Question

Find the probability of throwing at least one of the following totals on a single throw of a pair of dice: a total of 5, a total of 6 , or a total of 7 . Define the events \(A, B\), and \(C\) as follows: Event \(\mathrm{A}\) : a total of 5 is thrown, Event \(B\) : a total of 6 is thrown, Event \(C\) : a total of 7 is thrown.

Short answer

The probability of throwing a total of 5, 6, or 7 with a single throw of a pair of dice is \(\frac{5}{12}\).

Step-by-step solution

Calculate the independent probabilities

To find the probability of each event, we need to compute the number of favorable outcomes for each total and divide by the total number of possible outcomes. In this case, the total number of possible outcomes is 36 because there are 6 sides on each dice, and we have two dice, so there are 6 x 6 = 36 possible outcomes. Event A: A total of 5 is thrown There are four possible ways to get a total of 5: (1, 4), (2, 3), (3, 2), (4, 1). Thus, we have 4 favorable outcomes out of 36 possible outcomes. P(A) = \(\frac{4}{36}\) Event B: A total of 6 is thrown There are five possible ways to get a total of 6: (1, 5), (2, 4), (3, 3), (4, 2), (5, 1). Thus, we have 5 favorable outcomes out of 36 possible outcomes. P(B) = \(\frac{5}{36}\) Event C: A total of 7 is thrown There are six possible ways to get a total of 7: (1, 6), (2, 5), (3, 4), (4, 3), (5, 2), (6, 1). Thus, we have 6 favorable outcomes out of 36 possible outcomes. P(C) = \(\frac{6}{36}\)

Calculate the unions of the independent probabilities

Since events A, B, and C are mutually exclusive (i.e., no two events can occur at the same time), we can find the union of these events by simply adding their probabilities.
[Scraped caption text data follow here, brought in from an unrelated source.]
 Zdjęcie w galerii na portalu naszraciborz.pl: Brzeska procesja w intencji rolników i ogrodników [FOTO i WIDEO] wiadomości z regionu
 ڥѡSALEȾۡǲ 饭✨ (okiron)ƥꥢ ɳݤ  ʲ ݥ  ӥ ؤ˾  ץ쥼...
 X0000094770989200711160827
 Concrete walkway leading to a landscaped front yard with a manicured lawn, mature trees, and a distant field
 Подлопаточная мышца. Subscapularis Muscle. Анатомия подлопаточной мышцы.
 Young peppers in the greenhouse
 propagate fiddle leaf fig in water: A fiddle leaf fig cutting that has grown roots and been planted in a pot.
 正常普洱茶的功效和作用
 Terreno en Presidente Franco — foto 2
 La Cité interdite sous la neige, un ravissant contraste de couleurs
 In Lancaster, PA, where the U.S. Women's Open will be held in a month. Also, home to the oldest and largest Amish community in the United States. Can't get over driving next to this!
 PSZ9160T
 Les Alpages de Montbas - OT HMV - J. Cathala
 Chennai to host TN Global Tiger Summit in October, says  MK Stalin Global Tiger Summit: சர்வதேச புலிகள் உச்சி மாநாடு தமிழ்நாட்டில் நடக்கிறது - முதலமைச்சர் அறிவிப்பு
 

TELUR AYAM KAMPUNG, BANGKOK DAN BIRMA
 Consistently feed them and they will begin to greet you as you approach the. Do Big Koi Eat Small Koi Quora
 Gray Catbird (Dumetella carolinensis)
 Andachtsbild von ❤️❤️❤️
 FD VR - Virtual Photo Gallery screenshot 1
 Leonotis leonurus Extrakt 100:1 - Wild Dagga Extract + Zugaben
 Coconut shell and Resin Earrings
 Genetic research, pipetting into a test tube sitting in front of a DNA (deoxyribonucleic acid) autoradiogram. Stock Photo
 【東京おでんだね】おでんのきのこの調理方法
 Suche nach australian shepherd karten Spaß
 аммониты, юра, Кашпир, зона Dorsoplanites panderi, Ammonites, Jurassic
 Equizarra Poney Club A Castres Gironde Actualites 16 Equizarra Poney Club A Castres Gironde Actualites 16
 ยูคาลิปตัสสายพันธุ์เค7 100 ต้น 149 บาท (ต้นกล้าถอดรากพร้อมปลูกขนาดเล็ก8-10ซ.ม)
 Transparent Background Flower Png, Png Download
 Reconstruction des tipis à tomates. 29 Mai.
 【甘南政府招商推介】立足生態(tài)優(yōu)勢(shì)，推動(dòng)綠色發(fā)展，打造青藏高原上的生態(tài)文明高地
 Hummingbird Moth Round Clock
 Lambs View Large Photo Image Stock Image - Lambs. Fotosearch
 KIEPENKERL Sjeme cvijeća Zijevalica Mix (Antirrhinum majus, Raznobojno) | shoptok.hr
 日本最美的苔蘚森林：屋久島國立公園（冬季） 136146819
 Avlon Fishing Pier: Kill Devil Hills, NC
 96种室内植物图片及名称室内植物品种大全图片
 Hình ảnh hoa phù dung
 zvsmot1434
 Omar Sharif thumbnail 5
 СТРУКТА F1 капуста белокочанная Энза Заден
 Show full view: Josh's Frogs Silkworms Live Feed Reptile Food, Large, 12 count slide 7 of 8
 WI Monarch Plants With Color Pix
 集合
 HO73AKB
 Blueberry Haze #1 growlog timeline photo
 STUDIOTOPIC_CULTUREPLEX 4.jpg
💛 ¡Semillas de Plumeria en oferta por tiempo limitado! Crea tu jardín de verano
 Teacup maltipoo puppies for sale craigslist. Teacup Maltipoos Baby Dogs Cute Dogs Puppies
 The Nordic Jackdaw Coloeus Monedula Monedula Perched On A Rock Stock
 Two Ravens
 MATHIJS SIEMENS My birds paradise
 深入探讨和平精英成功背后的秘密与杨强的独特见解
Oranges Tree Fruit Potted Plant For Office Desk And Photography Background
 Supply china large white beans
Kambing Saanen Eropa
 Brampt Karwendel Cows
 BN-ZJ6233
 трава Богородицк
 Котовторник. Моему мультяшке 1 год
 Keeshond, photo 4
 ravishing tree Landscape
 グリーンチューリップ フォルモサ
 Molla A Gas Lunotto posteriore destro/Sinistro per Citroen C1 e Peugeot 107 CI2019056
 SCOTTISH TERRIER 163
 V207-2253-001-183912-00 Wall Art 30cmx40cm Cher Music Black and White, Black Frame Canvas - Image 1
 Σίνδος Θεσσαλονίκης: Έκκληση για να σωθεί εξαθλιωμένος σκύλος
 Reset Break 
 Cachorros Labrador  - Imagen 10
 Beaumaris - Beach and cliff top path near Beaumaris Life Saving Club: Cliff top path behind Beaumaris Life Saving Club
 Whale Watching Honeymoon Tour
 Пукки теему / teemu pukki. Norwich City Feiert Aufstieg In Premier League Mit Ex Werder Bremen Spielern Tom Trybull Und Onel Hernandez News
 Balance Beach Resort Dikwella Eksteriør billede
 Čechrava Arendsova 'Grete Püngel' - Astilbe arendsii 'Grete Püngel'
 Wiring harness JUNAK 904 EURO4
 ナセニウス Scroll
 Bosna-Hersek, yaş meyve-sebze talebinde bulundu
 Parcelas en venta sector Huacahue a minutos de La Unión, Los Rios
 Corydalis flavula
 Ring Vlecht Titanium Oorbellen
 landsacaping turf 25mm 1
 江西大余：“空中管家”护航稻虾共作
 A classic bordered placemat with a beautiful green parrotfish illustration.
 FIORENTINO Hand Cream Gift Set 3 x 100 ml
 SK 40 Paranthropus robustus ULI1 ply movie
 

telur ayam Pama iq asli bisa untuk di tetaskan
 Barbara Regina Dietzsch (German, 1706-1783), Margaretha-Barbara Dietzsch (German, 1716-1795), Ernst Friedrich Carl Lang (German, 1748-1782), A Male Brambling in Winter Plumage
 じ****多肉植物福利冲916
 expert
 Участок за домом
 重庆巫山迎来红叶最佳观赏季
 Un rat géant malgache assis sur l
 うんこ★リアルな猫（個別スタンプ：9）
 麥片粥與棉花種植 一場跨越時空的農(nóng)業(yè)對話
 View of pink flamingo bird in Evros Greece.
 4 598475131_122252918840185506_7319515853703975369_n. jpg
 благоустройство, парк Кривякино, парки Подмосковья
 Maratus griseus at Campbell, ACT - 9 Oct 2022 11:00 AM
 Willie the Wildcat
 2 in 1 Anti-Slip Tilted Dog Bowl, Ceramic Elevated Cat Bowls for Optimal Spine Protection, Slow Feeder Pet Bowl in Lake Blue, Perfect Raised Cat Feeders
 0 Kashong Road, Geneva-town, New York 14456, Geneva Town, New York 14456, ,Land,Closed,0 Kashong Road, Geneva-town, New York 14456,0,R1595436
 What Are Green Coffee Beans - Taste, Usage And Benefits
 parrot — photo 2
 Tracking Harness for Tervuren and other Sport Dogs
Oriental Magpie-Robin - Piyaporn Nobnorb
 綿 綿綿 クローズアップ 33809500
P(A ∪ B ∪ C) = P(A) + P(B) + P(C)

Calculate the probability of the union of the events

Now we plug in the values calculated in Step 1 and find the probability of the union of the events. P(A ∪ B ∪ C) = P(A) + P(B) + P(C) = \(\frac{4}{36}+\frac{5}{36}+\frac{6}{36}\) P(A ∪ B ∪ C) = \(\frac{15}{36}\)

Simplify the probability

Finally, we simplify the probability by dividing both the numerator and the denominator by the greatest common divisor, which is 3 in this case. P(A ∪ B ∪ C) = \(\frac{15}{36}\) = \(\frac{15 \div 3}{36 \div 3}\) = \(\frac{5}{12}\) So the probability of throwing a total of 5, 6, or 7 with a single throw of a pair of dice is \(\frac{5}{12}\).

Key concepts

Independent Probabilities

When we roll a pair of dice, it's like watching two separate little universes where each die does its own thing, unaware of the other's existence. This is the core idea behind independent probabilities—the outcome of one event doesn't influence the outcome of the other. If we're curious about the chances of both dice coming up with certain numbers, we simply multiply their independent probabilities together.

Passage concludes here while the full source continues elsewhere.